Has anyone encountered a similar problem? Is there some step I missed? Some action I have to do with the disk subsystem? Any help is appreciated. Thanks in advance.
Created 08-17-2016 04:16 PM
OK, the problem... Finally intuited from punching stuff on the Azure interface that there were no disks on the VM. I stress 'intuited' because this is not in the documentation anywhere - but to be fair to Hortonworks, this is a fault of MSFT. The impression they provide with Resource Template is that it a working system will be stood up. But deployment complete does not mean ready to run. But, the problem goes deeper as no matter what 'template' is picked the only disk that gets built into the storage resource is the ~45 GB 'system disk' for the Linux OS. The data disks are not in the storage resource, so, no place to land the data. That's why the sandbox won't run any of the queries - no place to land the data.

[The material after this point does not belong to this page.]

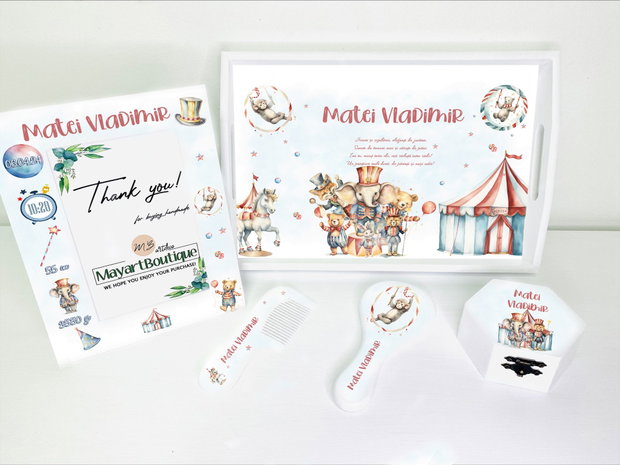 Set aniversar personalizat 1 anisor - La circ- Tavita mot si accesorii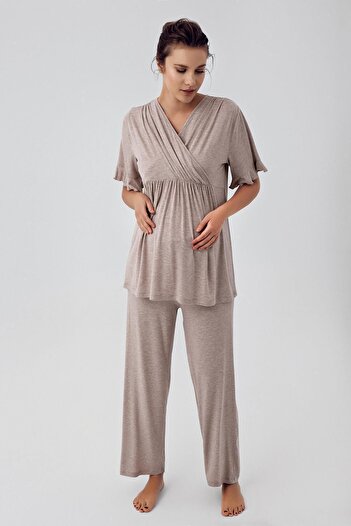 Artış Flexible Lycra Short Sleeve Viscous Maternity Pajama Set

I guess I'll just use my trusty laptop to finish the tutorials. Some day when I have tons of time on my hands to flop around from site to site gathering all the 'oh everyone just knows that' tidbits about standing up an Azure VM, I may take another stab at it... yeah, right.
Created 08-16-2016 06:55 PM
When I encountered a problem with the Sandbox on Azure, I finally located a message in Azure that indicated that the VM size wasn't large enough. I, too, had selected the recommended size. Unfortunately, this happened months ago and I don't recall where I found that info. But the VM size is something you might check.
Created 08-17-2016 11:31 AM
Thanks. I will see if that is the problem. If it is I will award you the 'answer prize' 🙂
Created 08-17-2016 04:16 PM
OK, the problem... Finally intuited from punching stuff on the Azure interface that there were no disks on the VM. I stress 'intuited' because this is not in the documentation anywhere - but to be fair to Hortonworks, this is a fault of MSFT. The impression they provide with Resource Template is that it a working system will be stood up. But deployment complete does not mean ready to run. But, the problem goes deeper as no matter what 'template' is picked the only disk that gets built into the storage resource is the ~45 GB 'system disk' for the Linux OS. The data disks are not in the storage resource, so, no place to land the data. That's why the sandbox won't run any of the queries - no place to land the data.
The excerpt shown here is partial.